爽風上々のブログ

熊本の片田舎に住むリタイア読書人がその時々の心に触れたものを書き散らしています。読んだ本の感想がメインですが(読書記録)、エネルギー問題、食品問題など、また政治経済・環境問題など興味のあるものには触れていきます。

「温暖化防止のために 一科学者からアルゴア氏への提言」清水浩著

アルゴアは有名な「不都合な真実」で政治的なプロパガンダとしては成功を収めていますが、その内容は科学的には見過ごせない数々の誤りを含むということで多数の批判を受けています。
したがって、本書も「科学者」としてそういった批判をしているものかと思ったのですが、とんでもなかった。

著者は現在は慶応大学の教授ということですが、国立公害研や環境研などを歴任、各所で電気自動車の研究をしてきたという人物です。
不都合な真実」を真実と考えてありがたがる人向けに、ご自分の研究対象の電気自動車が有効であるという宣伝をしたいというのが本書の目的のようです。
ここまでの判断で放り投げても良かったのですが、一応中味をぱらぱらと読んでみました。

中味はさすがに大学の先生らしく、具体的なデータが満載でわかりやすい図表も載せたものになっています。

二酸化炭素温暖化の説明はほとんどが引用でしょうか。ここはご本人の主張を正当化する基本ですので余計な論評はできなかったのでしょう。

枠組みとしては4点、電力は太陽光発電で、蓄電はリチウムイオン電池で、移動は電気自動車で、製鉄は水素製鉄でほとんど二酸化炭素を発生させること無く現在と同様の生活を送れるということです。

新たな技術を採用する条件として、新たな問題の発生がないこと、限界コスト、利用の容易さというものを挙げており、その姿勢は非常に妥当性があるものと思います。この点で環境破壊につながるガリウム砒素電池は落ちますし、ニッケルカドミウム蓄電池もだめでしょう。プラチナなどを少量でも触媒として使う装置も外れます。また原子力発電も増殖炉、核融合炉も実現可能性は低いということで、間違いはないでしょう。

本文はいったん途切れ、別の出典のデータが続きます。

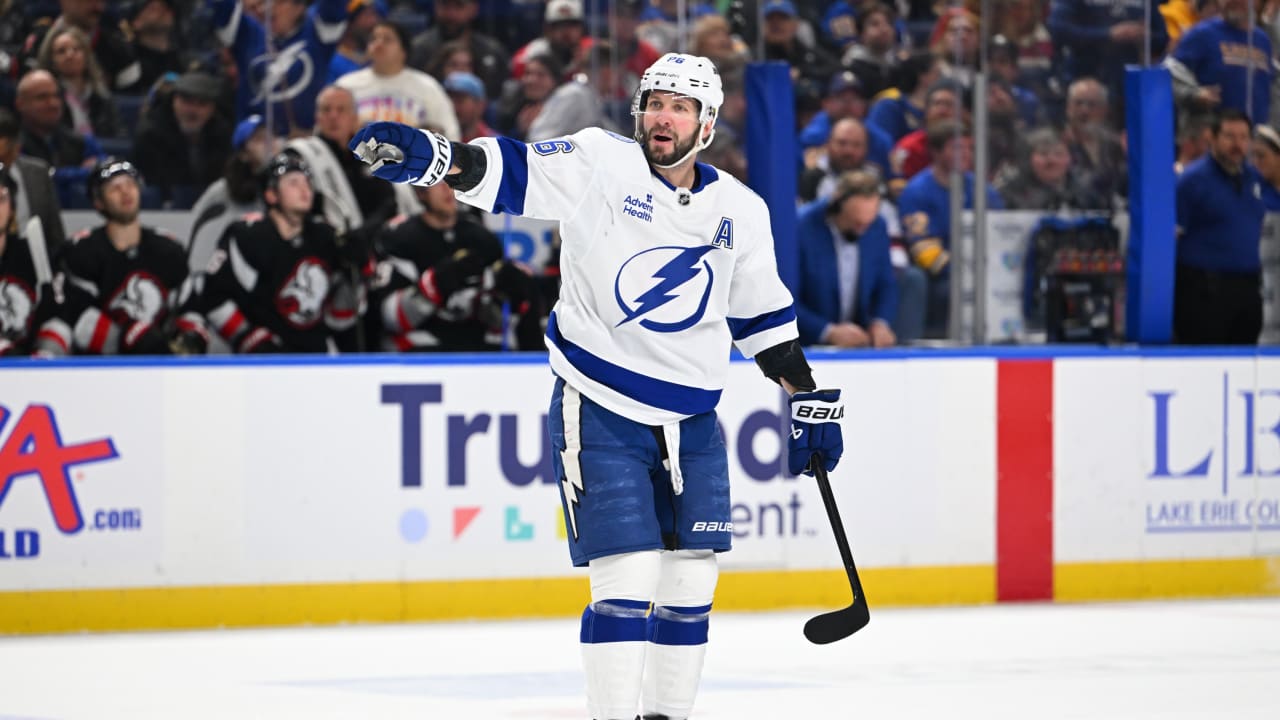 Kucherov caps the play with PPG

ただし、ご自分の推薦する技術については本当にこのような問題は大丈夫なんでしょうか。かなり判断基準が甘くなっているのでは。
太陽光発電もエネルギーペイバックタイム(EPT)が2.6年という数字を挙げて問題なしとしています。これはNEDOの資料が出典ですがどうも内容がわかりません。EPTとは製造に使ったエネルギーを何年で作れるかという指標ですが、おそらく発電パネルそのもののみを対象としているのではないかと思います。また、実際の発電実績ではなく発電能力を計算の根拠としているのではないかと思います。(違ったらすいません。しかし判るように説明していない方が問題です)発電装置全体と実際の発電実績を対象とした数値ではないことは確かだと思います。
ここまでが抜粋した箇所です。